There has subsequently been some debate about the utility of the term and its relationship with metadata (Baker, Mudge) although it is worthwhile separating the two concepts at least as a means of distinguishing and emphasising the need for each. Indeed, paradata as a term was originally coined in order specifically to distinguish between metadata which describes the data and paradata which describes process data (Couper 393). In archaeology, metadata is generally understood as describing the nature of the data, the location of the data, and the existence of similar data (Wise and Miller). Consequently the metadata employed by the Archaeology Data Service,¹³ for example, focuses on issues of authorship, rights, and sources, and carries only limited descriptive information and nothing relating to process or derivation. At least within the archaeological context, therefore, there is scope for including something akin to paradata but extending it to data beyond the immediate scope of the London Charter.

The term ‘provenance’ is perhaps a more relevant and understandable alternative to paradata (for example, Mudge 180-181) but here we have to distinguish between object provenance in the archaeological/art historical sense (its origin, ownership history etc.) and — what is of interest here — data provenance (its collection, recording, modification, etc.: what Mudge refers to as a ‘process pipeline’).

As an extension of this, the W3C Provenance Working Group, looking at the development of provenance information for Web resources, define three categories of provenance (Gill and Miles):

Agent-centred provenance (the people or organisations involved in generating or manipulating the data).
Object-centred provenance (the origins of the data and their derivation).
Process-centred provenance (the actions and steps taken to generate the data).

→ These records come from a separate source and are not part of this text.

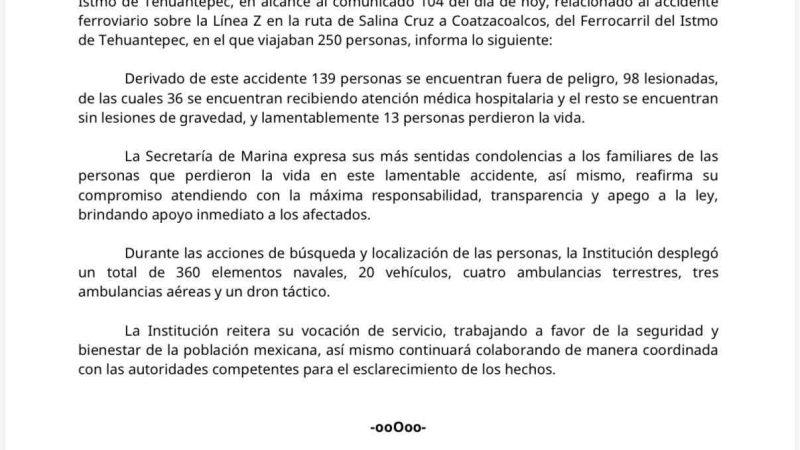 Descarrilamiento del Tren Interoceánico deja 13 muertos y casi 100 heridos
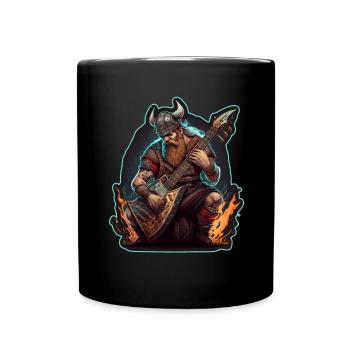 Viking Norse Rock Guitare Nordique Abstrait - Mug uni - noir - Devant
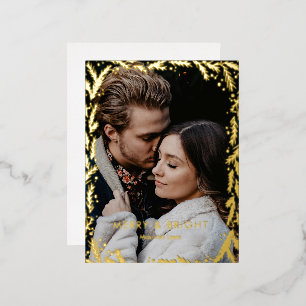 Merry and Bright Golden Wreath photo Christmas  Foil Holiday Postcard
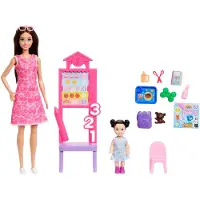 Barbie Karriere Lehrerin-Spielset mit Modepuppe, Kleinkind-Puppe, Tafel und Zubehörteilen, Modepuppe, Weiblich, 3 Jahr(e), Junge/Mädchen, 323,9 mm, Mehrfarbig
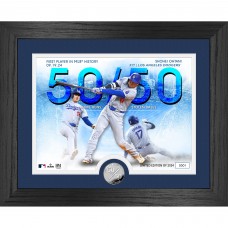 Los Angeles Dodgers Shohei Ohtani Highland Mint 15 x 18 Commemorative 50/50 Club Silver Coin Photo Mint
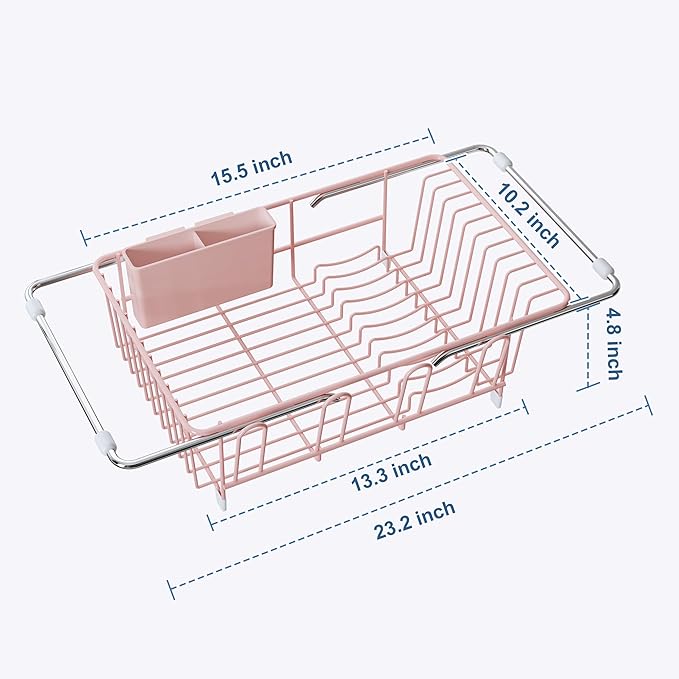 Over the Sink Expandable Dish Drainer Drying Rack In Stainless Steel - Image 7
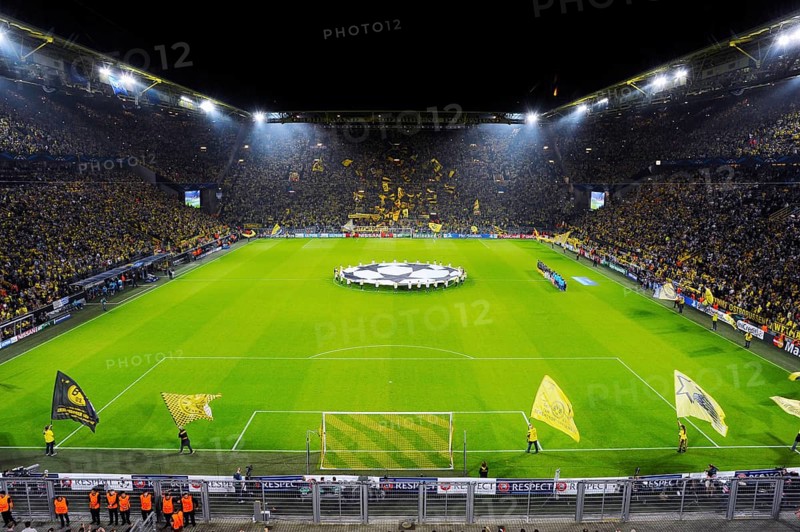 The sold-out Signal Iduna Arena before the kickoff of the UEFA Champions League game Borussia Dortmund vs Arsenal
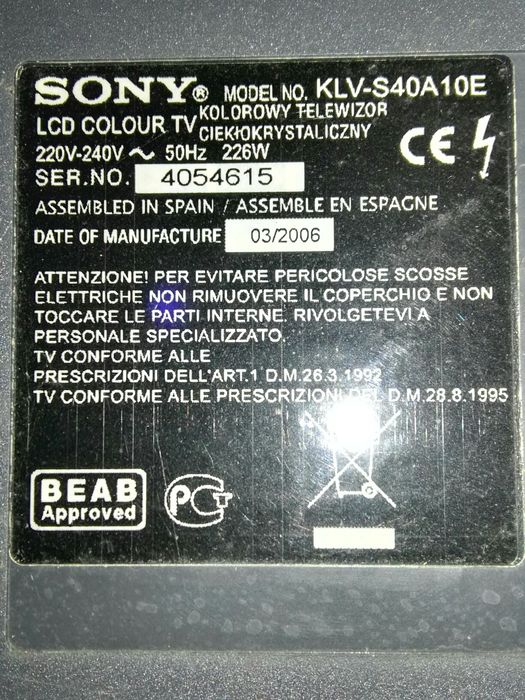 Mainboard / periféricos tv Sony klv-s40a10e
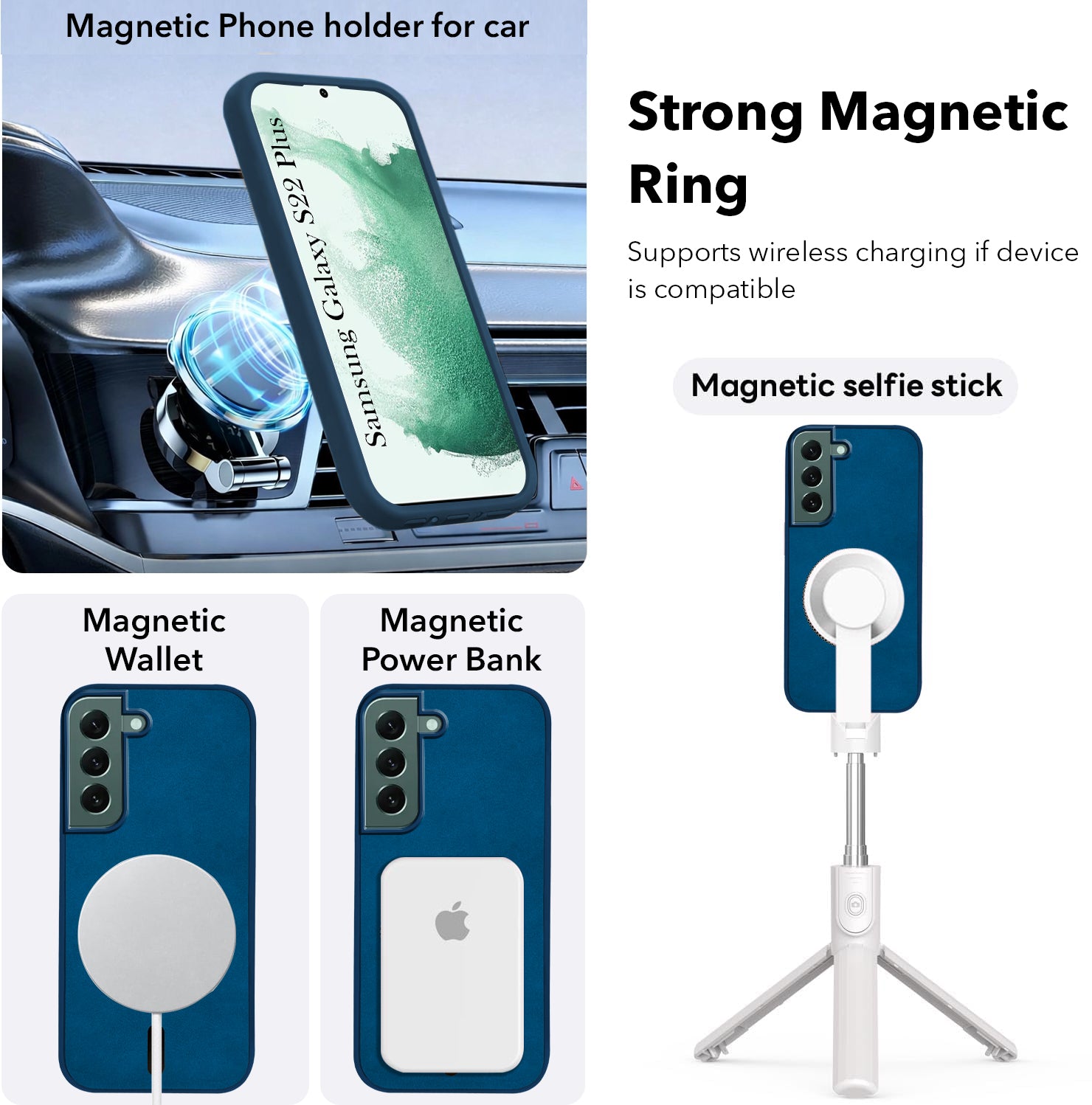 For Samsung Galaxy S22 Plus 5G Back Cover Case Leather Finish (MagSafe Compatible Wireless Charging | Soft Touch | Camera Bump Protection)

In fact there are numerous approaches to defining provenance, including a variant on the familiar resource discovery what/where/when triple, in which where-provenance describes the origin of the data, why-provenance describes the reasons behind the production of the data, and how-provenance identifies the methodology behind the production of the data (for example, Cheney et al, Buneman et al). However, as a broad generalisation such definitions have clear commonality and are essentially variations on a theme. Whatever terminology is used, it would be highly desirable for data to be accompanied by something akin to paradata/provenance; however, this applies to all data, not just the 3D visualisations which are the focus of the London Charter.

5. Capturing Provenance

Some provenance metadata may already be captured automatically by the software tools used. For example, ESRI’s ArcGIS automatically captures certain types of metadata, including derivable properties of the data (such as extent or number of features), and some (but not all) of its geoprocessing tools update the metadata with an account of the processing that has taken place. Similarly, EXIF metadata automatically captured by digital cameras includes information about shutter speed, focal length, exposure compensation, metering pattern, and date and time the photograph was taken, for instance. Technically-derived provenance metadata such as these are relatively simple to capture as long as the tools and technologies employed are configured to generate it. Currently, however, much information about data capture and processing typically remains tacit and unrecorded and hence represents a significant recording challenge.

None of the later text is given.